**Records provided:**
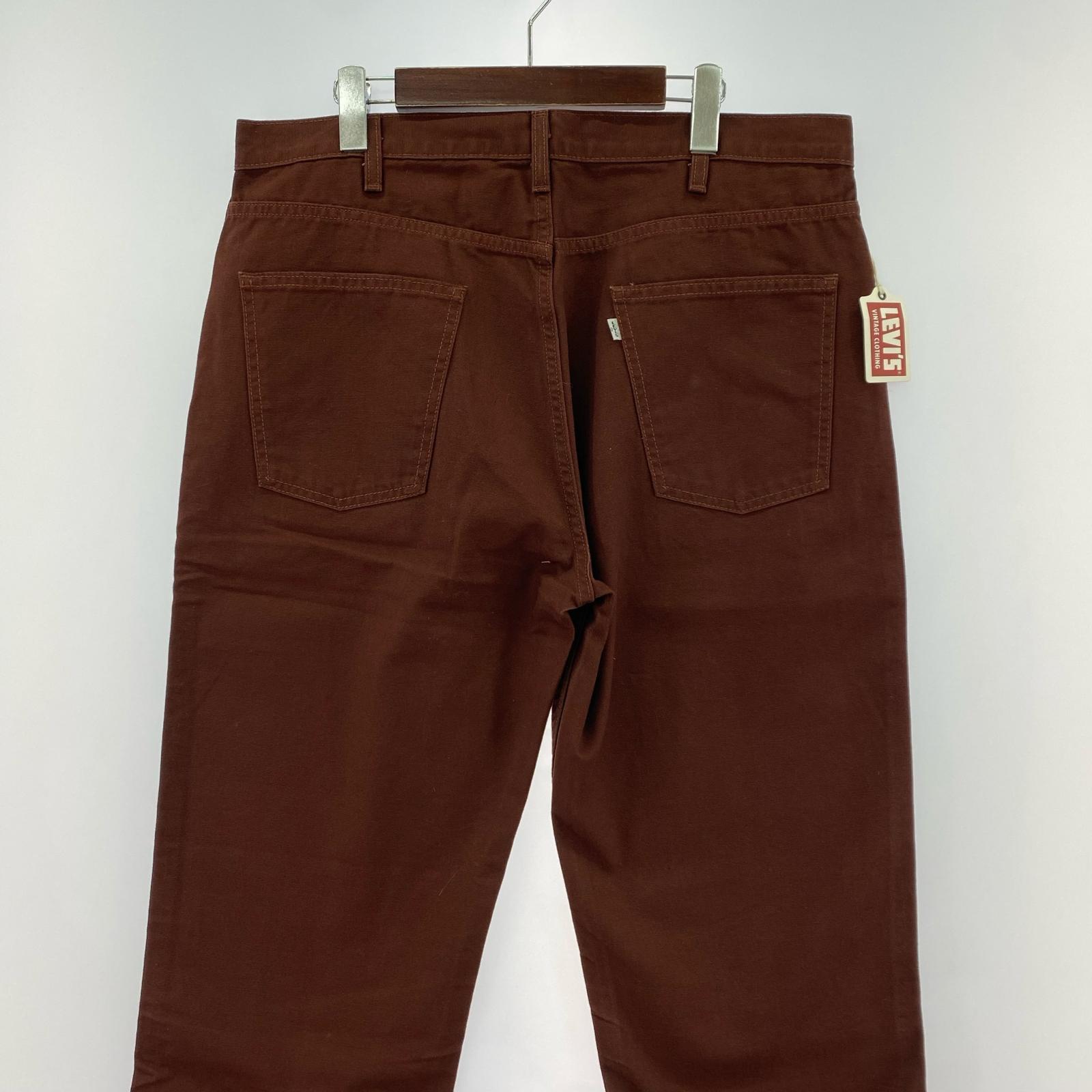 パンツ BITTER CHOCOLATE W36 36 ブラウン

...

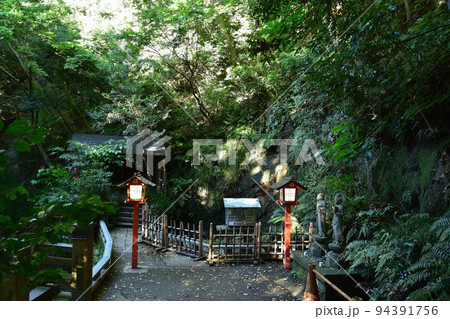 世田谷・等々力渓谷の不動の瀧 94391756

---

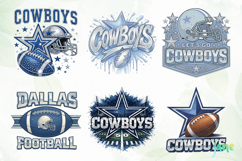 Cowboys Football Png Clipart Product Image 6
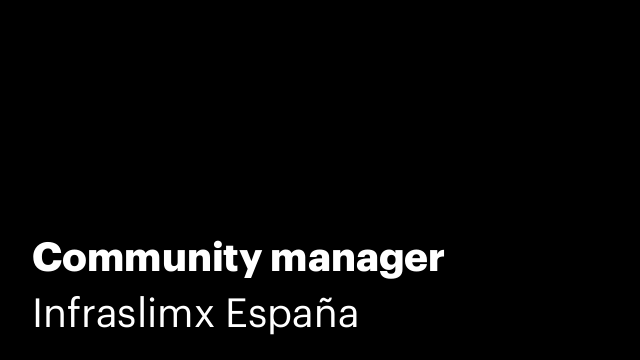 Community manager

**To do:**
The material above holds pictures; leave them out. Repeat exactly the lines from the one containing "Cowboys Football Png Clipart Product Image 6" through the one containing "Community manager", and nothing else.

**Written solution:**
 Cowboys Football Png Clipart Product Image 6
 Community manager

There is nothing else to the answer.